Supplied information
______

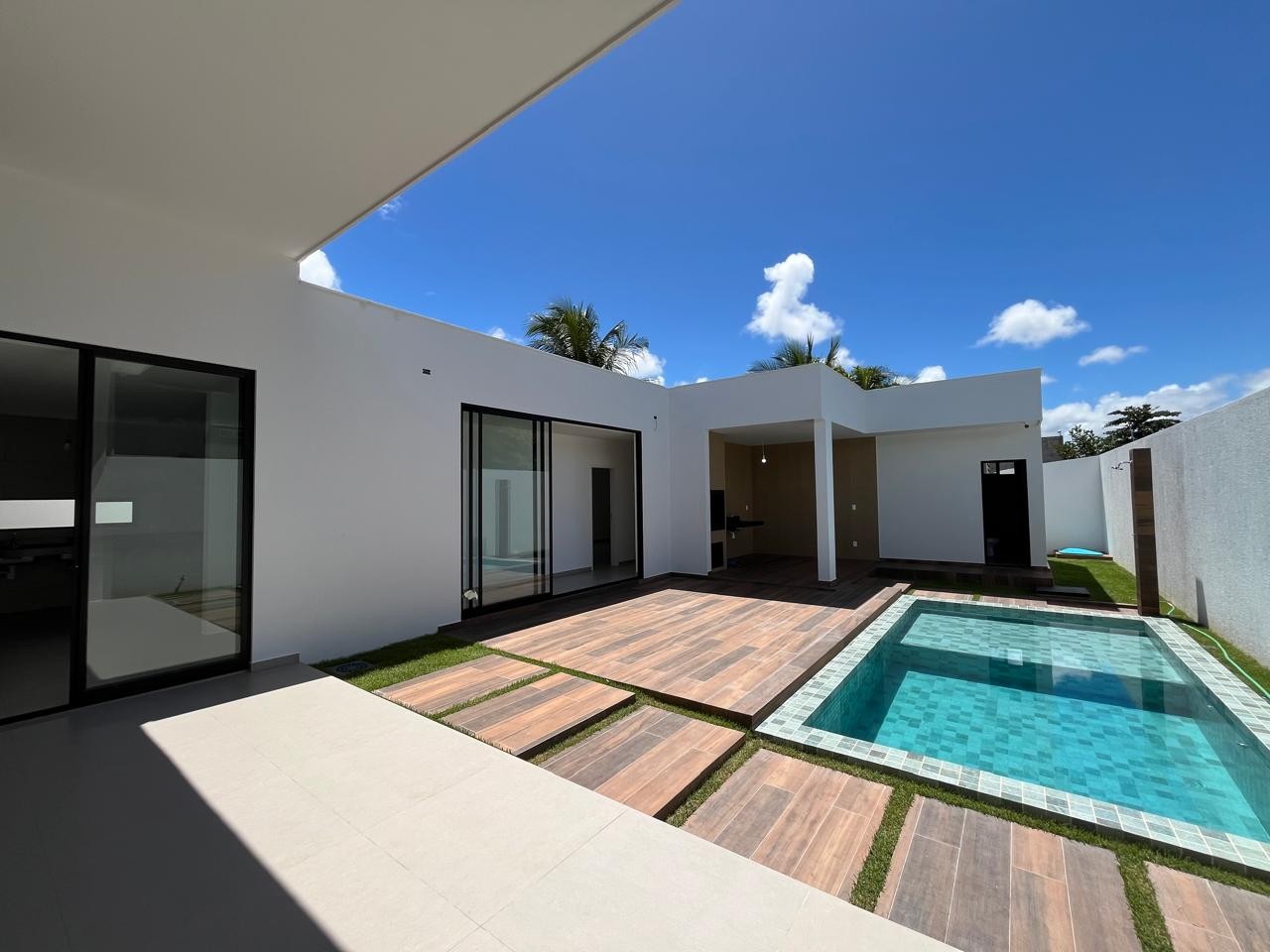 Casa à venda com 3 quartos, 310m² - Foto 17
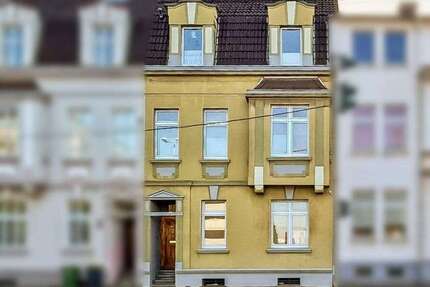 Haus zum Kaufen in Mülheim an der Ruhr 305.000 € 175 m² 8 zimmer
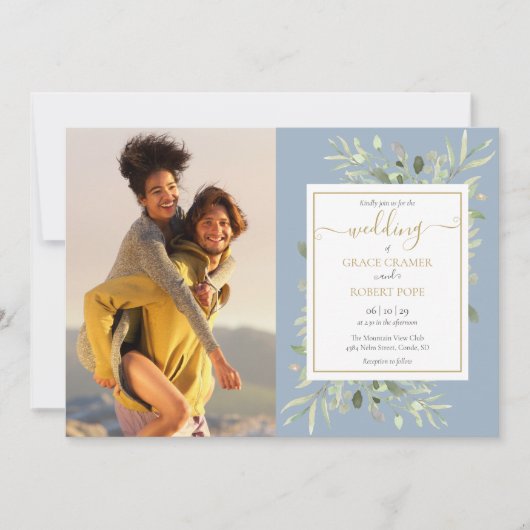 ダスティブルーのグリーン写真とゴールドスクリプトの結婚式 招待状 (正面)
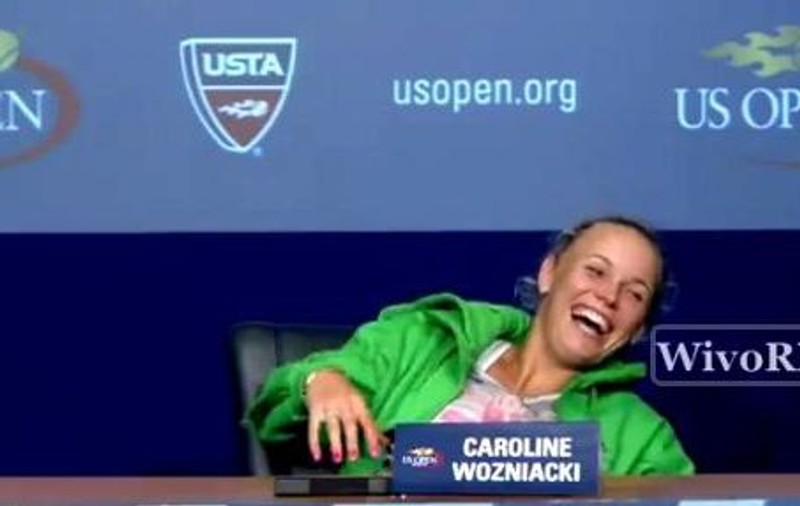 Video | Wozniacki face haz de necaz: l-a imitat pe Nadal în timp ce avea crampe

______

Exercise details
Write the listing out exactly, apart from its pictures.

Exercise result
 Casa à venda com 3 quartos, 310m² - Foto 17
 Haus zum Kaufen in Mülheim an der Ruhr 305.000 € 175 m² 8 zimmer
 ダスティブルーのグリーン写真とゴールドスクリプトの結婚式 招待状 (正面)
 Video | Wozniacki face haz de necaz: l-a imitat pe Nadal în timp ce avea crampe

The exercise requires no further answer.